▼

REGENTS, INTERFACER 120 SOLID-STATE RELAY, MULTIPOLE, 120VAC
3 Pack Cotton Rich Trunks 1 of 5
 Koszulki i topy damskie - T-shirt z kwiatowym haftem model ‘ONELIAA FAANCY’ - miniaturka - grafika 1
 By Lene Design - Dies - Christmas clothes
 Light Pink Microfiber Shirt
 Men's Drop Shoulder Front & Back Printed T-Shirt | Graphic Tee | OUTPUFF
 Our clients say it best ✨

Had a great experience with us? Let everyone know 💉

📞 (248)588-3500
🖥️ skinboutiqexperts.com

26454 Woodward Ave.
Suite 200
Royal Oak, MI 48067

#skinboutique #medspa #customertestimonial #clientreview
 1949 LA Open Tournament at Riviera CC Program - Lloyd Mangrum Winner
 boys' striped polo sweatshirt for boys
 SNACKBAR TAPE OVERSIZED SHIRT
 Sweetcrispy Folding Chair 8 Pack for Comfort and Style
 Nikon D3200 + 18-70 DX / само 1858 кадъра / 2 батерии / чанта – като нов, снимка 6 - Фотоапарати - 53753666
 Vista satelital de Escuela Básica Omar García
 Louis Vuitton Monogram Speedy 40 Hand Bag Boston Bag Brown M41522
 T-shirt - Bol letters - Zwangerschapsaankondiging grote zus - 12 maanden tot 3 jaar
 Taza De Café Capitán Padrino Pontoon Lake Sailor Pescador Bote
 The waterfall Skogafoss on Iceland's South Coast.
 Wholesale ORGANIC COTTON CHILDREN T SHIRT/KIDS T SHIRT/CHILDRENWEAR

▲

What belongs in the answer is each line of the listing that contains the word "Pack".

3 Pack Cotton Rich Trunks 1 of 5
 Sweetcrispy Folding Chair 8 Pack for Comfort and Style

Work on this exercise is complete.